# Canon Updates DPP and EOS Utility (October 2015)



## tq0cr5i (Oct 14, 2015)

*Digital Photo Professional 4.3.31*

Changes for Digital Photo Professional 4.3.31 (for Windows) : 

- Newly supported EOS M10, PowerShot G9 X, PowerShot G5 X, EOS Kiss X6i / EOS REBEL T4i / EOS 650D, EOS Kiss X5 / EOS REBEL T3i / EOS 600D, EOS Kiss X50 / EOS REBEL T3 / EOS 1100D, and PowerShot SX60 HS. 
- Supports EF35mm f/1.4L II USM, EF50mm f/1.8 STM, EF-M15-45mm f/3.5-6.3 IS STM. 
- Adds a function that enables playing back movie files on EOS MOVIE Utility (Ver. 1.4 or later). 
- Fixes a malfunction that occurs rarely when "Distortion" is ticked off during the editing of RAW images shot with EOS 8000D / EOS REBEL T6s / EOS 760D or EOS Kiss X8i / EOS REBEL T6i / EOS 750D.
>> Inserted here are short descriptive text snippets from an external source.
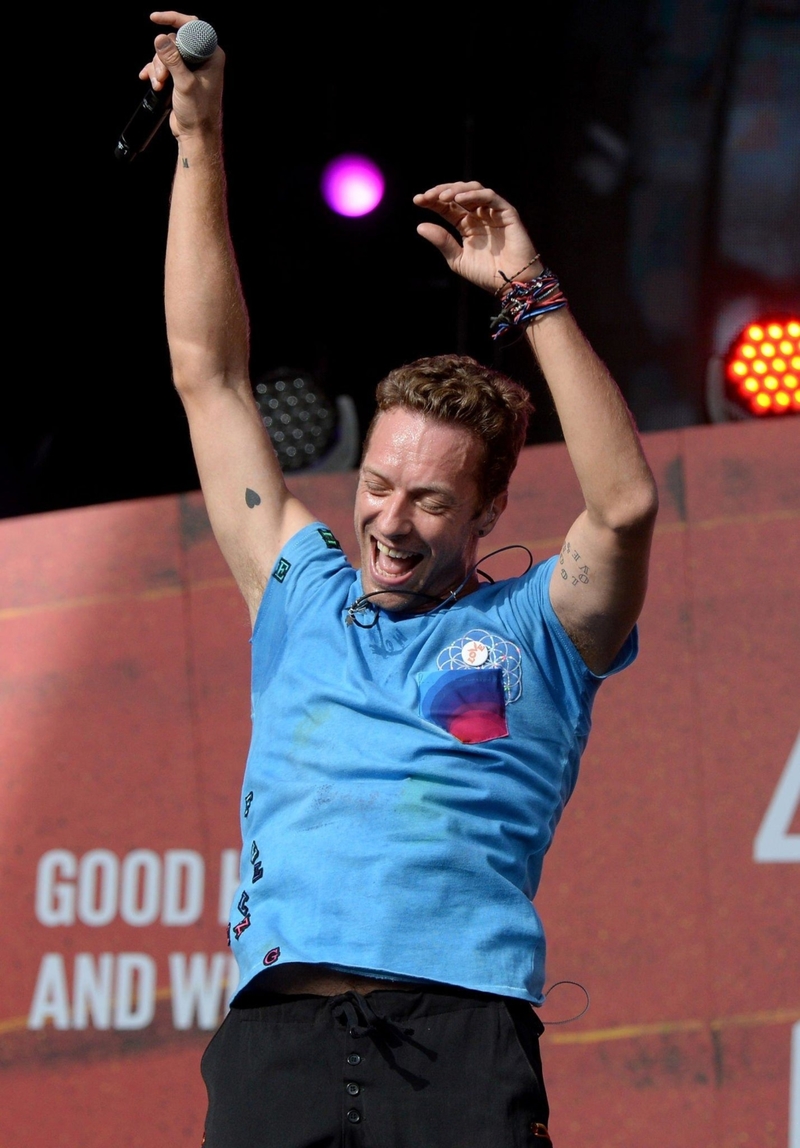 Chris Martin Has a Wild Side | Getty Images Photo by Michael Kovac/FilmMagic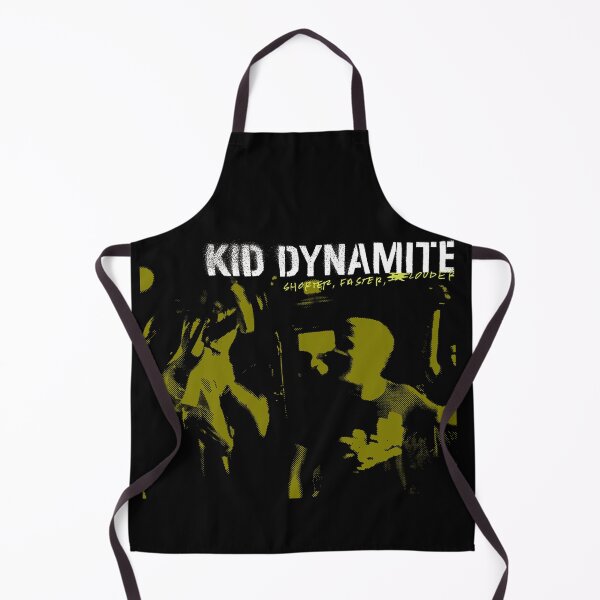 Item preview, Kid Dynamite designed and sold by rippingthrash.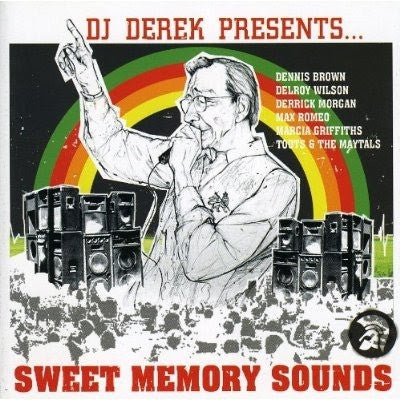 VARIOUS ARTISTS - DJ Derek Presents Sweet Memory Sounds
*Digital Photo Professional 3.15.0 Updater*

Changes for Digital Photo Professional 3.15.0 Updater (for Windows) : 

- Supports EF35mm f/1.4L II USM, EF50mm f/1.8 STM, EF-M15-45mm f/3.5-6.3 IS STM.

*EOS Utility 2.14.20a Updater*

Changes for EOS Utility 2.14.20a Updater (for Windows) : 

- Supports EF35mm f/1.4L II USM, EF50mm f/1.8 STM.

*EOS Utility 3.3.0*

Changes for EOS Utility 3.3.0 (for Windows) : 

- Supports EOS M10. 
- Supports EF35mm f/1.4L II USM, EF50mm f/1.8 STM.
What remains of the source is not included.